Malika Abdurakhmonovna Sobirova (Малика Абдураҳмоновна Собирова, Малика́ Абдурахи́мовна Саби́рова; 22 May 1942 — 27 February 1982) was a Soviet and Tajik ballet dancer and pedagogue. She is considered the most famous Tajik ballet dancer. In 1969, she won a gold medal in an international ballet dance competition.

== Early life ==
Sobirova was born in 1942 in Stalinabad, the capital of Tajikistan. Her father Ibragim Sobirov was a musician and her mother Madina Sobirova was a nurse. As a young girl she was very stubborn and refused to be frightened into an arranged marriage, as per the then prevalent practice; and instead pursued her talent in dance.

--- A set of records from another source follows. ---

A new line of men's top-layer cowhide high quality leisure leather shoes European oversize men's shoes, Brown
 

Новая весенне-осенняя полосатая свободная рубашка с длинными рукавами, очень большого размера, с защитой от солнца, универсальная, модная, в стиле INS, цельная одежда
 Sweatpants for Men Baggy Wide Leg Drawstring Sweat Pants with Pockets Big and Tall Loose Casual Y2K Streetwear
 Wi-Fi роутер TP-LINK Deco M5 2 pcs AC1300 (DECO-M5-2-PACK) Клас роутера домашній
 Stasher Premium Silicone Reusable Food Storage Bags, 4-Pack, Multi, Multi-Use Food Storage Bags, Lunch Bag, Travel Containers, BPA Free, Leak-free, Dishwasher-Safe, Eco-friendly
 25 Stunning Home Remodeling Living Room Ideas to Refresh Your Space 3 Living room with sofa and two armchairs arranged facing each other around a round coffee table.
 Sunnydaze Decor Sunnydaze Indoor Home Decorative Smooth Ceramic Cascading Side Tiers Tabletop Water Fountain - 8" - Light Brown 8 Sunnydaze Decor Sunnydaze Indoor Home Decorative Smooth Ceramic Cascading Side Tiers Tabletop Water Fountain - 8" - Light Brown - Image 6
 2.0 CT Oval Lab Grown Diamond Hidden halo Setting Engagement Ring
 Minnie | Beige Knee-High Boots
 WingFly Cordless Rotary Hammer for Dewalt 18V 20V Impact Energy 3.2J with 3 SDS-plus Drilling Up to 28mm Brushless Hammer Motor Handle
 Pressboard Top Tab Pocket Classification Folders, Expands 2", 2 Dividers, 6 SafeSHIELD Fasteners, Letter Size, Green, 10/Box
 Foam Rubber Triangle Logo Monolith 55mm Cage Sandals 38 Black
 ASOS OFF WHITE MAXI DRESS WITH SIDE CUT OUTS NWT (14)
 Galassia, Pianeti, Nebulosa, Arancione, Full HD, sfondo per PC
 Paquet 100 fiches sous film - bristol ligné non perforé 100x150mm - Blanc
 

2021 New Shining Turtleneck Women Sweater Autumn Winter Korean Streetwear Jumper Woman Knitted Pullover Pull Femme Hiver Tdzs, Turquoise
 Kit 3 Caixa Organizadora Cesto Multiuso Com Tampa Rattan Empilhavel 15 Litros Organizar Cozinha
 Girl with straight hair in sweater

She took her dancing course from Leningrad Choreography Academy (the Vaganova Ballet School), from where she graduated in 1961. It was a tradition among the students of this ballet school to consider themselves incomplete till they performed the Swan dance. She was also keen to learn the complete music of the ballet.

== Career ==
In 1961, after graduating she returned to Dushanbe and joined Onegin Theatre. She also joined People's Artist of the USSR and regularly performed at Tchaikovsky Hall. She was proficient in all classical forms of ballet and won several international awards. As a solo ballet dancer her repertoire included all the classical forms, and performed in ballets like the Leili i Medzhnun (Leili and Medjnun) for which music score was provided by Balasanian. She was a popular ballet dancer in the Soviet Union. She was the most popular dancer of the Opera and Ballet theater which was established in 1940. She was delighted like a child when people recognized her in the bus or total strangers greeted her as a ballerina.

== Awards ==
She received the first prize at the Tchaikovsky International Ballet Contest in Moscow. In 1969, Sobirova won a gold medal in an international ballet dance competition held in Varna, Bulgaria. She was also recipient of Tadzhik Komsomol Central Committee order "The Badge of Honor." The first international ballet dancing contest held in Dushanbe was named after her and Mikhail Gorbachev sent greetings on the occasion.